La teoría demuestra que una buena política de información aumenta la eficacia de la política económica

Una de las estrategias usadas por muchos bancos centrales es tratar de transmitir a los mercados, en la medida de lo posible, la senda futura de tipos de interés. ¿Por qué? Pues porque la política monetaria funciona principalmente a través de los tipos de interés a largo plazo, que están fuera del control del banco central. La curva de tipos reacciona a los cambios en el tipo de intervención a corto plazo, pero su pendiente depende, entre otros factores, de la senda futura de tipos de interés a corto plazo. Cuanta más información se tenga sobre esta senda, más control se tendrá sobre el tipo a largo plazo. Los bancos centrales utilizan varias estrategias, como la comunicación de un sesgo -alcista, neutral o bajista- que indica la tendencia futura de los tipos de interés, o la publicación de proyecciones económicas basadas en los tipos de interés de mercado, dando así a entender, indirectamente a través de la proyección de inflación resultante, si éstos están en línea con los deseos del banco central.

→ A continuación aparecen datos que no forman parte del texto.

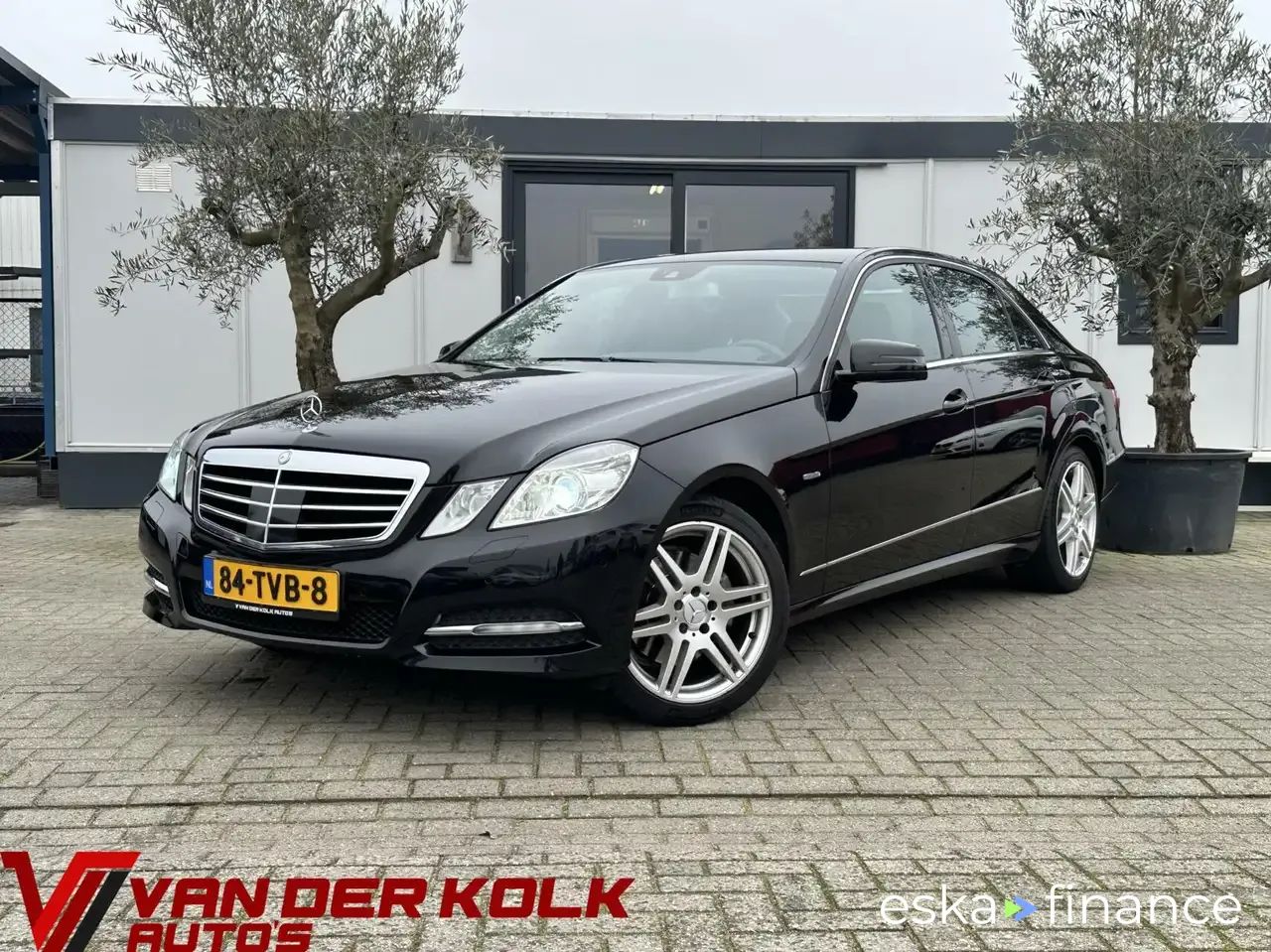 Lízing Sedan MERCEDES E 350 2011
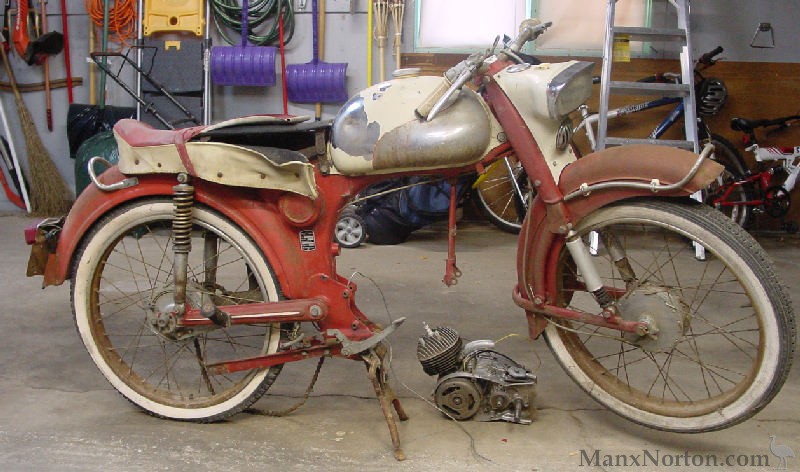 DKW-1965-Type-158-49cc-rhs.jpg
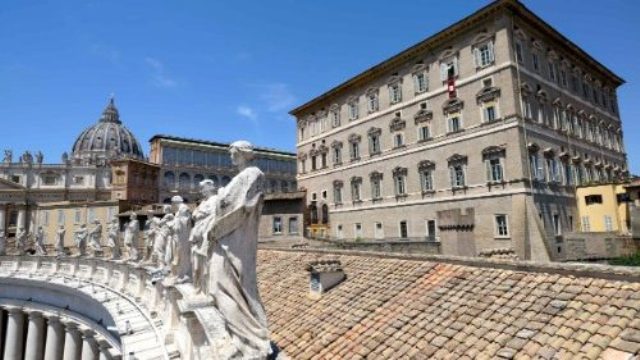 Églises orientales: le Pape accorde aux synodes le pouvoir de révoquer les patriarches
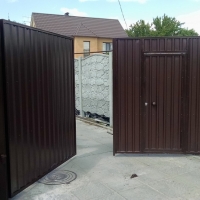 Ворота распашные обшитые проф. настилом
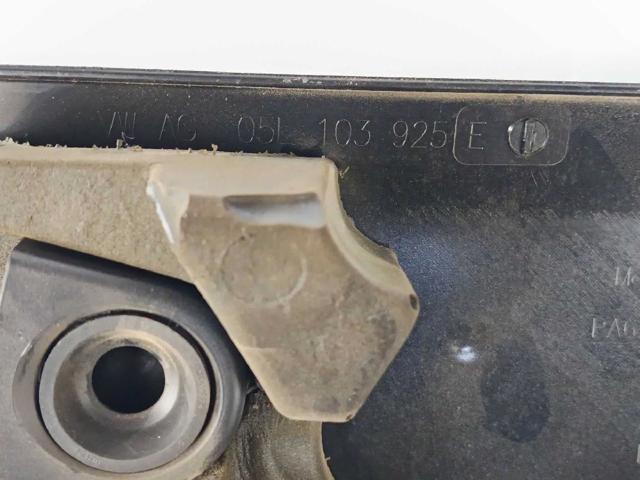 VAG 05L103925E Крышка двигателя в наличии Кривой Рог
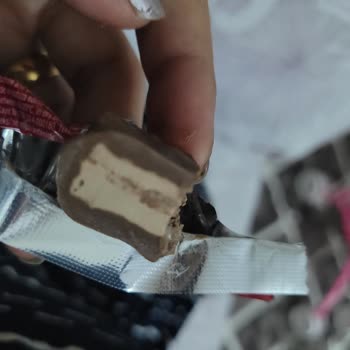 Tadelle Çoklu Pakette Bozuk Ve Beyazlamış Çikolatalar Şoku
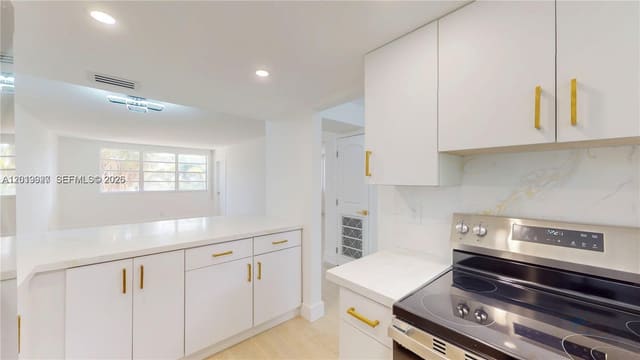 1333 E Hallandale Beach Boulevard 326, Hallandale Beach, FL 33009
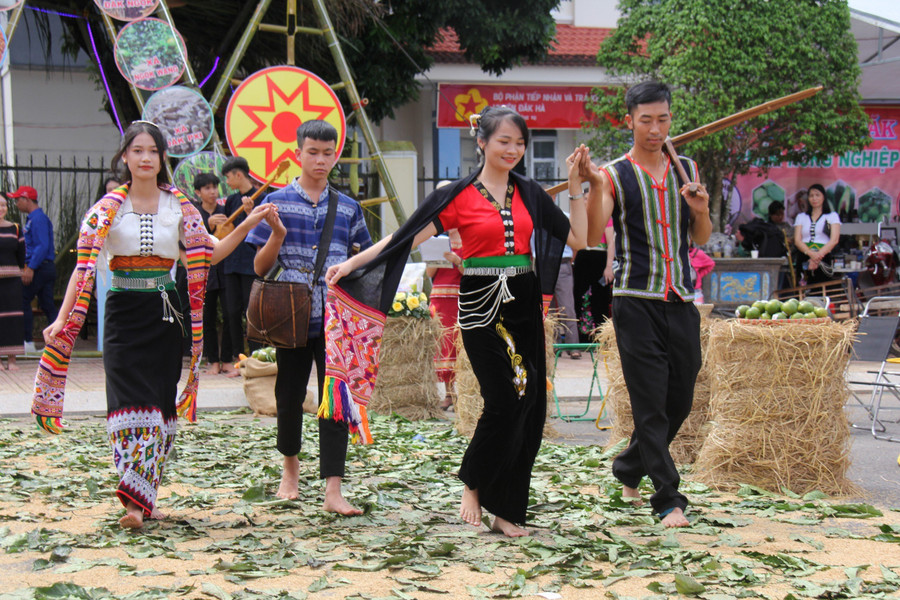 Người dân trình diễn trang phục các dân tộc trên địa bàn tỉnh. Người dân trình diễn trang phục các dân tộc trên địa bàn tỉnh.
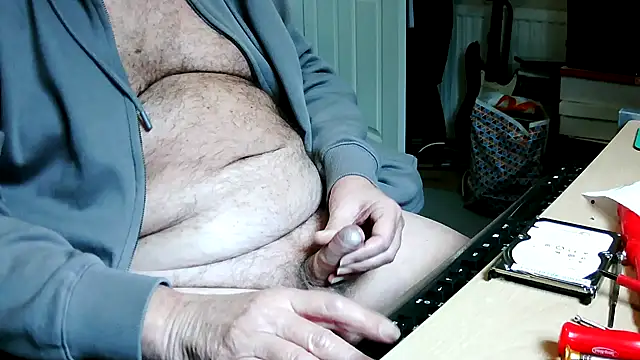 dirtyharry2022 online show from March 15, 2025, 1:29 pm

La publicación de las actas de las reuniones añade color a las decisiones, indicando a los mercados los pros y contras de cada decisión, los detalles del debate interno, y ampliando el espectro de información disponible en el mercado. En general, todo esto reduce la volatilidad: cuando la Fed, después de varios años de bajadas, subió los tipos de interés en junio de este año, los mercados ni se inmutaron, ya que la decisión había sido comunicada eficazmente en los meses anteriores.

La tendencia es pues hacia un aumento de la transparencia y de la calidad y cantidad de la comunicación. El BCE, sin embargo, se esta moviendo en la dirección opuesta. No solamente es uno de los pocos bancos centrales de los países desarrollados que no publica las actas de las reuniones -la excusa de que podría dar lugar a problemas políticos en los países miembros no es válida, ya que las actas se podrían publicar sin mencionar los nombres de los gobernadores, como hacen la Fed o el Banco de Inglaterra- sino que además ha decido recientemente no utilizar palabras clave en su comunicación.

En el pasado, la indicación en la conferencia de prensa de que los tipos eran 'apropiados' era una indicación clara de que la probabilidad de un cambio de tipos en las siguientes reuniones era baja. La eliminación de dicha palabra indicaba la posibilidad de un cambio. El BCE, este año, tras el fiasco de la reunión de abril, decidió eliminar el uso de este tipo de palabras clave, y pasó a usar la frase: 'No tenemos sesgo, todas las opciones están abiertas'. Básicamente, el BCE está diciendo a los mercados: no sabemos lo que haremos en las reuniones futuras. ¿Cuál ha sido el resultado? Que, al haber dejado a los mercados sin guía acerca de las decisiones futuras, la correlación de los tipos de interés a largo europeos con los americanos ha aumentado de manera importante. En otras palabras, la política monetaria europea se ha vuelto más dependiente del ciclo americano, por decisión del BCE.

¿Es ésta una política óptima? Es difícil justificarlo, habrá que ver cómo anuncia el BCE su próximo movimiento de tipos. La teoría demuestra que una buena política de información aumenta la eficacia de la política económica. El BCE debería explicar por qué no está de acuerdo con esta teoría.